Background and Aims: Adipose tissue (AT) is a multi-functional organ which plays an important role in lipid and glucose homeostasis. Dysfunction of lipid and glucose metabolism in AT leads to insulin resistance and contributes to the development of obesity and type II diabetes. In mouse 3T3L1 adipocytes, ABHD15 has been identified as a phosphorylation substrate of Akt/PKB in insulin signalling. Moreover, it interacts with phosphodiesterase 3B (PDE3B) by protein-protein interaction. PDE3B itself plays an important role in insulin-mediated suppression of lipolysis in adipocytes. Thereby, we hypothesize that ABHD15 plays a role in insulin-regulated lipolysis in AT. Results: ABHD15 is highly expressed in white adipose tissue (WAT) and to a lower extent in liver. In mice, fasting strongly decreased ABHD15 expression while refeeding increased its expression in WAT. We generated whole body ABHD15-knockout (KO) mice and characterized them with regard to lipid metabolism. Interestingly, after an insulin bolus, ABHD15-KO mice did not repress lipolysis as they showed highly increased plasma FFA and glycerol levels in comparison to wt mice. Accordingly, the phosphorylation of Akt and the dephosphorylation of protein kinase A (PKA) and HSL by insulin were strongly impaired in ABHD15-KO mice. Increased FFAs in the circulation often lead to insulin resistance. Young ABHD15-KO mice showed similar insulin sensitivity as wt mice. However, ABHD15-KO mice became insulin resistant upon aging. Further, ABHD15-KO mice showed decreased postprandial plasma adiponectin levels on chow or high glucose diet (HGD) at young age. In addition, HGD-challenged ABHD15-KO mice had higher postprandial plasma insulin and glucose levels.
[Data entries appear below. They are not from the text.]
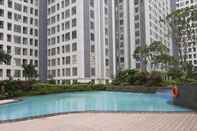 Kolam Renang Nice and Fancy 2BR Apartment at M-Town Residence By Travelio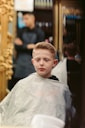 a young boy getting his hair cut at a barber shop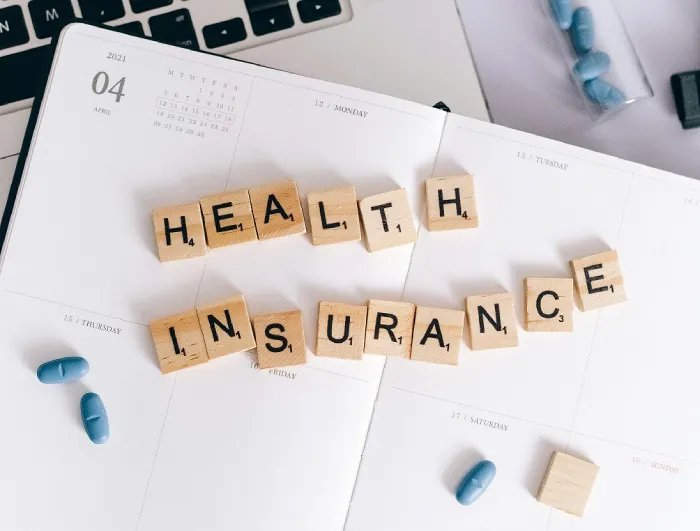 a paper with a scribble letters that says health insurance, above a white notebook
Consistently, also insulin-suppressed FFA release from WAT was impaired in HGD-fed ABHD15-KO mice. We explored the mechanism behind this phenotype and found that ABHD15 decreased the activity and expression of its interaction partner PDE3B in vitro. Interestingly, PDE3B expression was also substantially decreased in AT of ABHD15-KO mice. Conclusion: In WAT, ABHD15 is required for insulin-mediated suppression of lipolysis. The mechanism behind is still under investigation, however our data reveal that ABHD15 binds PDE3B and regulates its expression in vitro and that knock-down of ABHD15 in vivo strongly decreases PDE3B mRNA and protein expression and might thereby decrease insulin-mediated suppression of lipolysis by increasing pHSL and pPKA levels.